» **What is expected**
All lines of the entries with "Table" in them must be listed.

(Short text fragments from websites)
——
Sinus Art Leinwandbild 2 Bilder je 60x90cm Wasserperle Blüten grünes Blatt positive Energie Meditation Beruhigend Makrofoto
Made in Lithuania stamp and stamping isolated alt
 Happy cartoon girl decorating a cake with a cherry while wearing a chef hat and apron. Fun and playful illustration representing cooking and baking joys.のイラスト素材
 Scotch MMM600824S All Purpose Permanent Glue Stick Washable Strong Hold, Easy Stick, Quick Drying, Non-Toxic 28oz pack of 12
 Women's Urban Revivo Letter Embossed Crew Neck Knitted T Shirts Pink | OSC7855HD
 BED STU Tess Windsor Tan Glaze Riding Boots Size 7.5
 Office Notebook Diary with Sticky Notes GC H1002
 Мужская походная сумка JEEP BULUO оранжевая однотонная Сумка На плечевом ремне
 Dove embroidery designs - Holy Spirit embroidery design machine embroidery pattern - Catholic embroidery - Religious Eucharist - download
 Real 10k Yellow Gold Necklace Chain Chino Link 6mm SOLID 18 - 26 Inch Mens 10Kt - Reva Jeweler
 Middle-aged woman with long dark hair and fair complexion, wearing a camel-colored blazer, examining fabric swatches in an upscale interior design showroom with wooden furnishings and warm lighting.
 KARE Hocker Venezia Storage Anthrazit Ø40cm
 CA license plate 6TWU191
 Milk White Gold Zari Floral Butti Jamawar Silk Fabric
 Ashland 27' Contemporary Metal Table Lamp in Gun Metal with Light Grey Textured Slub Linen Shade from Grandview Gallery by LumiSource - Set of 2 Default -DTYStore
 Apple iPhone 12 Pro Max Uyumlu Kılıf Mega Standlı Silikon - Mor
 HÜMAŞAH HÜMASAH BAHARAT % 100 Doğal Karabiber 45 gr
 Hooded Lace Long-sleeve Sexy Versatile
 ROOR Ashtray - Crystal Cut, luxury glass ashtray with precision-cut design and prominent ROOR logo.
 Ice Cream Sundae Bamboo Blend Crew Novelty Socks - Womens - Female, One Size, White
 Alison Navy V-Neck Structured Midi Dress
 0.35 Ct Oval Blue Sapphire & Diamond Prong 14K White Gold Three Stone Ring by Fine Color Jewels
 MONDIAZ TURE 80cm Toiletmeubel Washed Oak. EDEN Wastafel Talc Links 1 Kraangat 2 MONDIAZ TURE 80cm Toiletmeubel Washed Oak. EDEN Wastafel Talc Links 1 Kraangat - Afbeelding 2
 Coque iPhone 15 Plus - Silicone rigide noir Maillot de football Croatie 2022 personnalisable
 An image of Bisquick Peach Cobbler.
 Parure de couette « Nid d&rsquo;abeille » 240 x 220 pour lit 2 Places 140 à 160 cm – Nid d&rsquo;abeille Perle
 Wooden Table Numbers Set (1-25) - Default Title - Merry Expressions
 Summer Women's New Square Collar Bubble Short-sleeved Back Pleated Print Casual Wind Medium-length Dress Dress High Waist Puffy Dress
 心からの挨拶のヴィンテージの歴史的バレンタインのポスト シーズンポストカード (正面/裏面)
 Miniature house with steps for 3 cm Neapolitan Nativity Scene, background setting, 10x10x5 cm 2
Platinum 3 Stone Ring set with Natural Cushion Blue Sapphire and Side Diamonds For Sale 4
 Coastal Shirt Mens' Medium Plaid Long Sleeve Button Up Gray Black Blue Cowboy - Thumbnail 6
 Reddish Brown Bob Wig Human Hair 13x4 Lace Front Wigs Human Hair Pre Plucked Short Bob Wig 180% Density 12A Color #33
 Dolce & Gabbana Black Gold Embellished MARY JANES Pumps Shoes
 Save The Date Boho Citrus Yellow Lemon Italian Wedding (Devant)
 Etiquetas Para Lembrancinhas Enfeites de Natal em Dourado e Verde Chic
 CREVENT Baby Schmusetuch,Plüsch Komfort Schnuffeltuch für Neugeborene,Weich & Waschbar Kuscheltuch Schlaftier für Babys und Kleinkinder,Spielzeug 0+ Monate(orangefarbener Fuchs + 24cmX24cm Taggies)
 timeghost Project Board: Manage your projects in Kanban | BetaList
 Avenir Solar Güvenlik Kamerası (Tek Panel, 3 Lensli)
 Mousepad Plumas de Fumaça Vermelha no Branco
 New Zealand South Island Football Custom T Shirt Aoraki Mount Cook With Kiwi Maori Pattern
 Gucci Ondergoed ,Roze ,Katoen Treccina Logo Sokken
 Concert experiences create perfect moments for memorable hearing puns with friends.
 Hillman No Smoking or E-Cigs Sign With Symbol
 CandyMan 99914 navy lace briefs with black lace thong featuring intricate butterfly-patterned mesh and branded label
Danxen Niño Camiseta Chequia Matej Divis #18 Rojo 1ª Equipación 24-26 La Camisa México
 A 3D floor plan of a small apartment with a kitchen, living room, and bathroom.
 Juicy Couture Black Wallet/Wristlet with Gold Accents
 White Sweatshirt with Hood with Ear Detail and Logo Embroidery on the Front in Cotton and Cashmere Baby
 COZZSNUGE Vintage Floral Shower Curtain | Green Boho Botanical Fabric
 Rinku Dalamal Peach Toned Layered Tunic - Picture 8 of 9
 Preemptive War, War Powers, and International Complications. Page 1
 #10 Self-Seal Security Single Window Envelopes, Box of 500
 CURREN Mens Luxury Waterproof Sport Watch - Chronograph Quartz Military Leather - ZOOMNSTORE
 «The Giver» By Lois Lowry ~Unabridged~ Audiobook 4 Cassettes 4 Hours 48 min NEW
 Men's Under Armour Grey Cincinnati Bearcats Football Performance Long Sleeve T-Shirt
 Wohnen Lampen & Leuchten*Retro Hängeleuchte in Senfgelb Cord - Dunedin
——
» **Task solution**
 Ashland 27' Contemporary Metal Table Lamp in Gun Metal with Light Grey Textured Slub Linen Shade from Grandview Gallery by LumiSource - Set of 2 Default -DTYStore
 Wooden Table Numbers Set (1-25) - Default Title - Merry Expressions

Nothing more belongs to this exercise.